Mechtild Stuhlmacher
houdt een gloedvol betoog om duurzaamheid als norm te stellen en niet-duurzaamheid als afwijking. In de praktijk moeten ontwerpers zich tot het uiterste inspannen om opdrachtgevers te overtuigen om bijvoorbeeld duurdere maar dan wel duurzaam gekapte bomen toe te passen. Als ontwerpers deze inspanning niet leveren of er volgt geen goede regelgeving, dan blijven opdrachtgevers puur economisch redeneren. Men moet beseffen dat het ongewoon is dit te blijven doen en dat duurzaamheid geen modeverschijnsel is, maar dat het normaal blijft! Investeerders moeten verder kijken dan de investeringskosten die bij de bouw van een nieuw project naar voren komen. Duurzaamheid betaalt zichzelf namelijk vaak terug op de lange termijn.
verantwoordelijkheid
Het betoog van Terlouw was een inspirerende les tot duurzaamheid.
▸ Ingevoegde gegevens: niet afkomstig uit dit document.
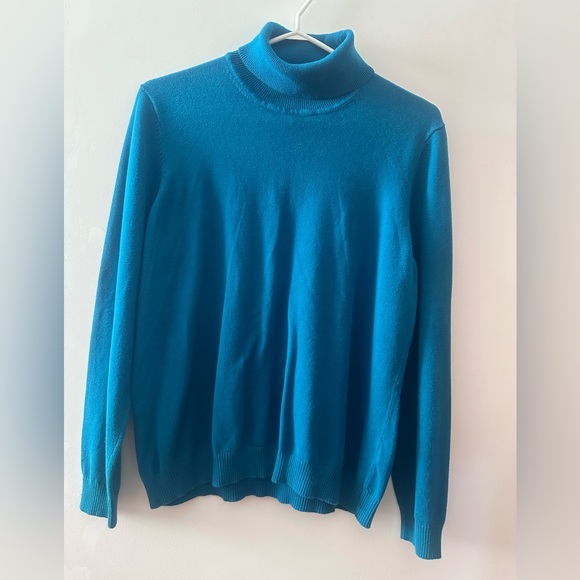 NORTHERN REFLECTIONS Turtleneck Sweater - Picture 2 of 6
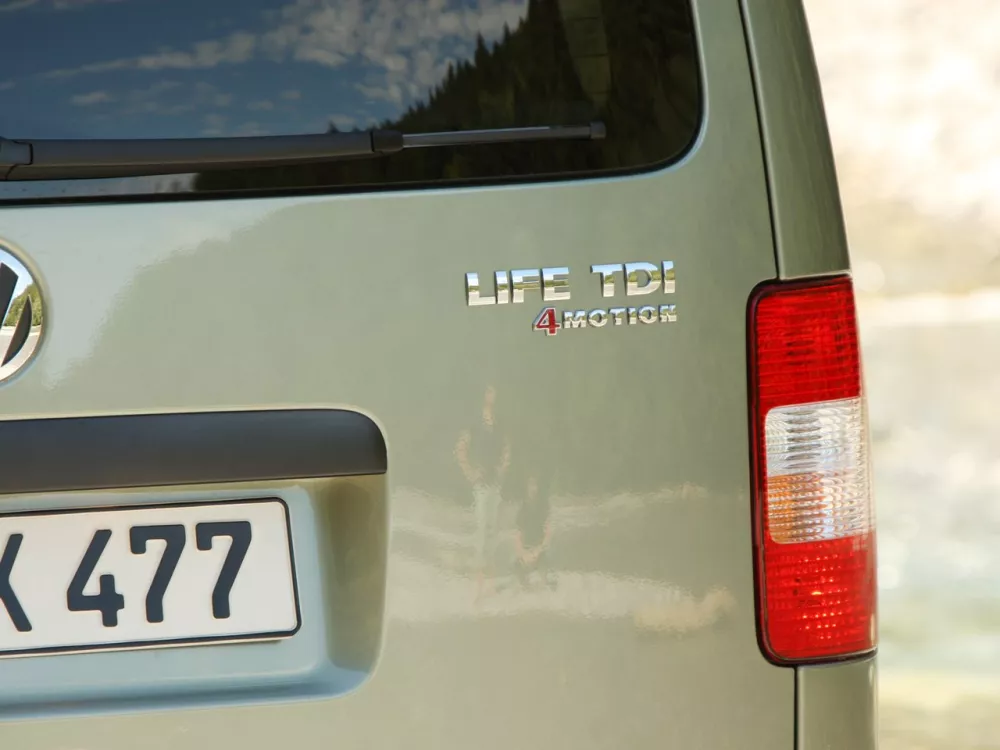 Автомобиль Volkswagen Caddy III Компактвэн Life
Natuurlijk zijn er genoeg kritische noten te plaatsen, bijvoorbeeld of de verantwoordelijkheid voor het ontwerpen van duurzame gebouwen bij de architect of de opdrachtgever, bij de overheid of de markt ligt. In ieder geval kunnen degenen die aanwezig waren beamen, dat de boodschap en het optreden van Terlouw hen zal bijblijven. Dit was namelijk ook duurzaam, als je duurzaam opvat als 'weinig vergankelijk' of 'bestemd of geschikt om lang te duren'.